## Assignment:
Print the line containing "picture 2 DAF", then every line after it through the end of the material, exactly as written and without pictures.

§

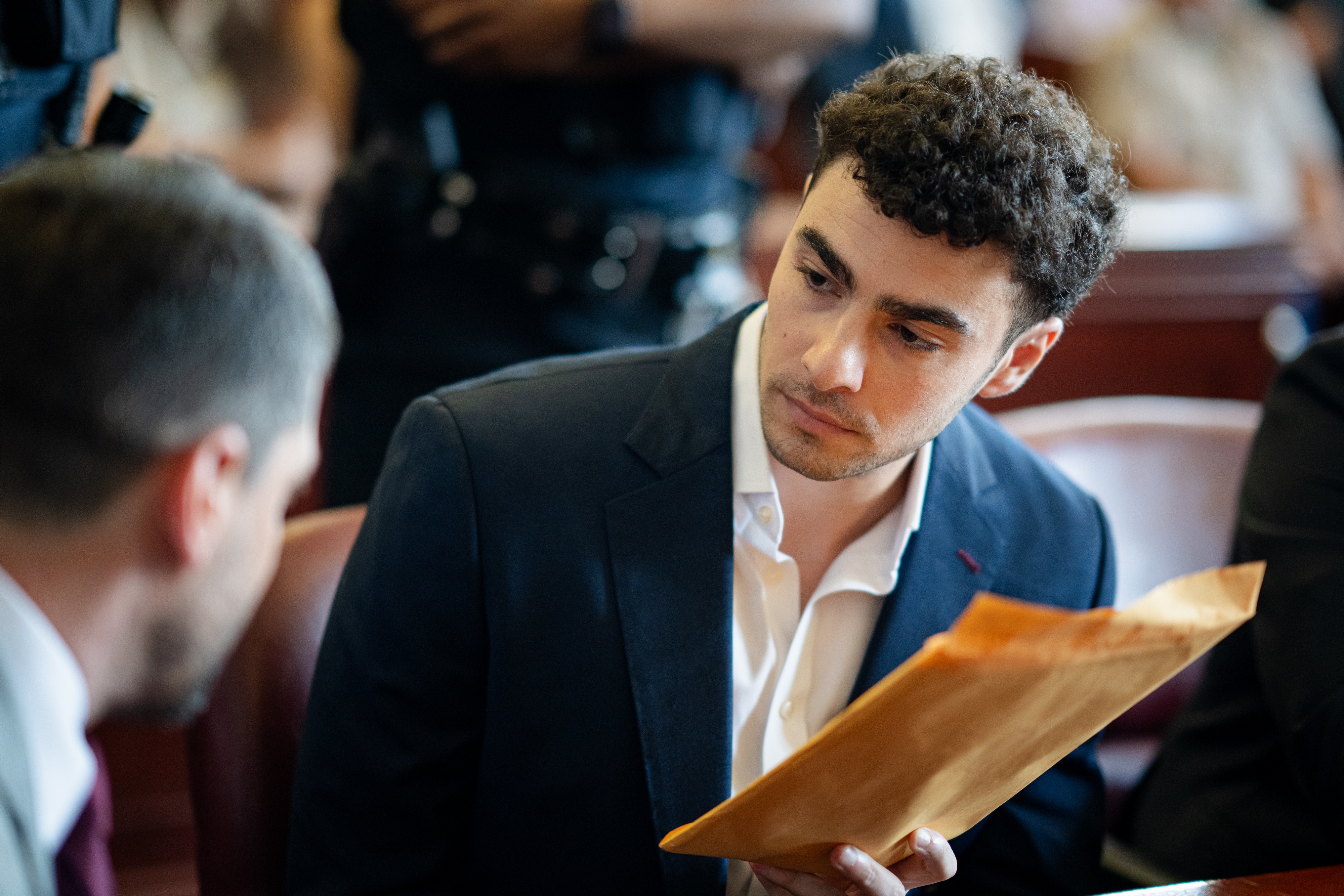 Luigi Mangione's lawyers withdraw plans for psychiatric defense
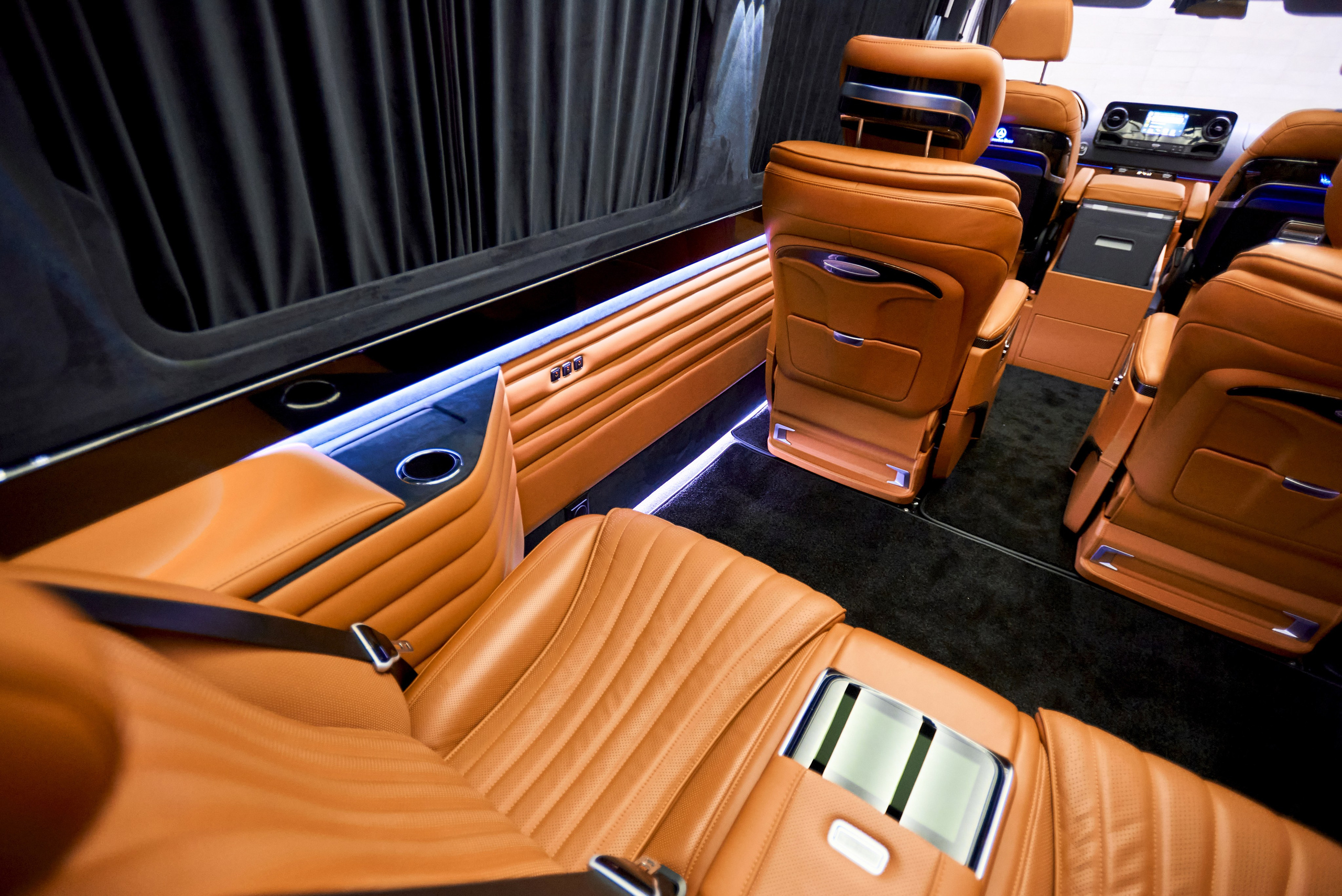 Съёмка оранжевых кресел Mercedes-Benz Sprinter тюнинг в пассажирском салоне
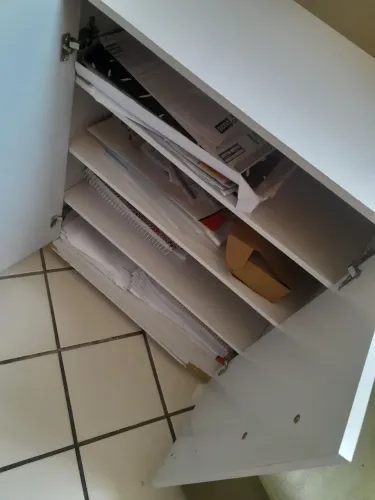 Armário multiuso com defeito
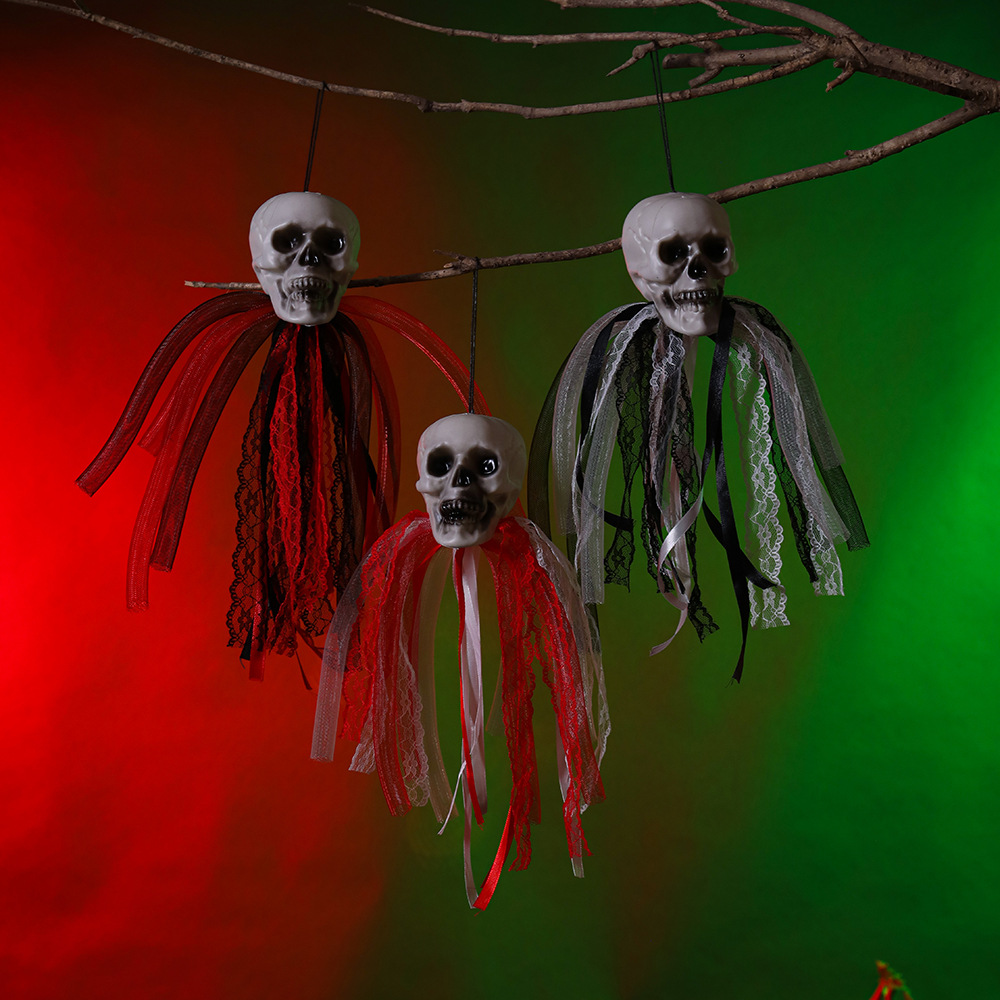 Halloween transfronterizo colgar fantasmas de tres cabezas cascada colgar fantasmas habitaciones secretas patio colgar decoración de horrores accesorios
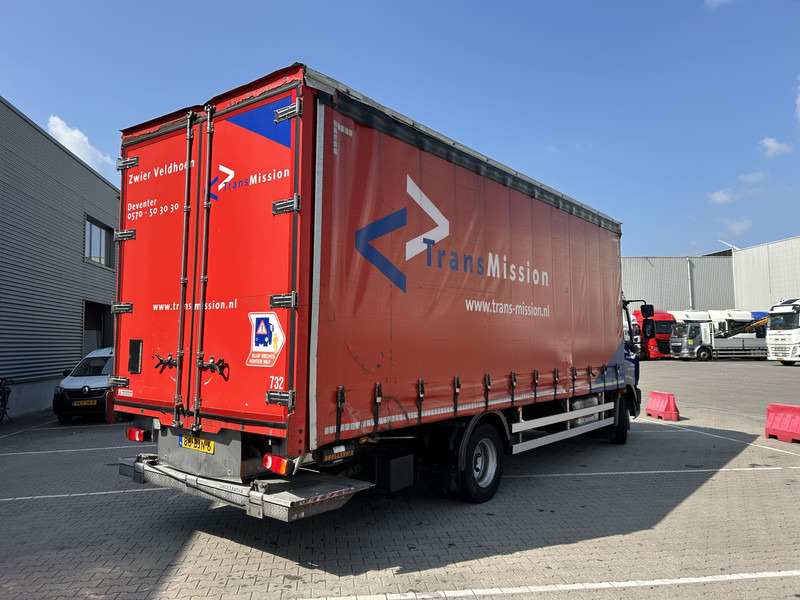 DAF LF 210 FA / 361 dkm / Curtainside / Loadlift / NL Truck - Curtainsider truck: picture 2 DAF LF 210 FA / 361 dkm / Curtainside / Loadlift / NL Truck - Curtainsider truck: picture 2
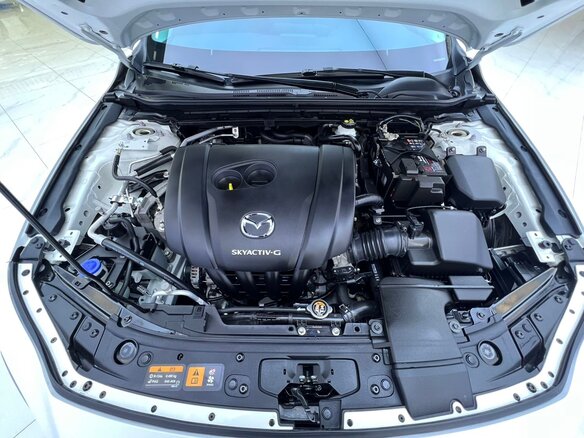 2023 Mazda 3 Axela IV (BP), белый, 1800000 рублей - вид 19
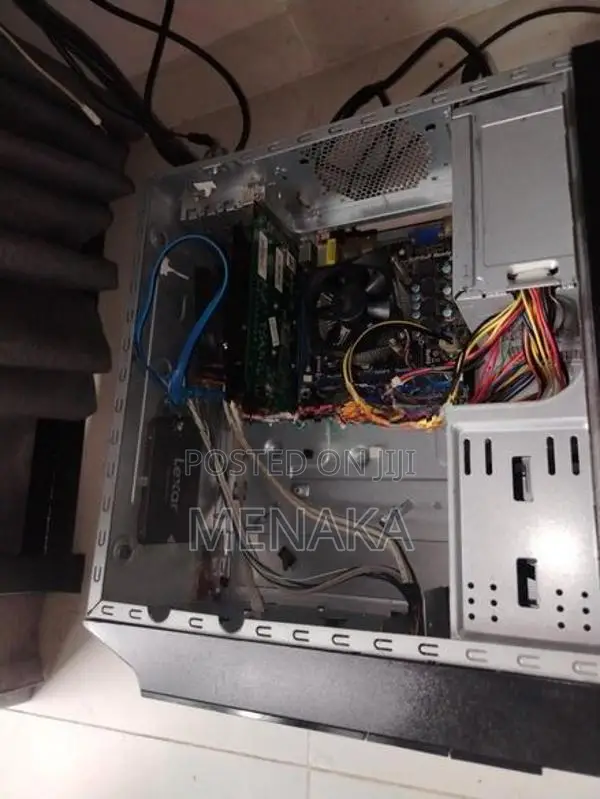 Samsung H61 Motherboard PC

§

## Written response:
 DAF LF 210 FA / 361 dkm / Curtainside / Loadlift / NL Truck - Curtainsider truck: picture 2 DAF LF 210 FA / 361 dkm / Curtainside / Loadlift / NL Truck - Curtainsider truck: picture 2
 2023 Mazda 3 Axela IV (BP), белый, 1800000 рублей - вид 19
 Samsung H61 Motherboard PC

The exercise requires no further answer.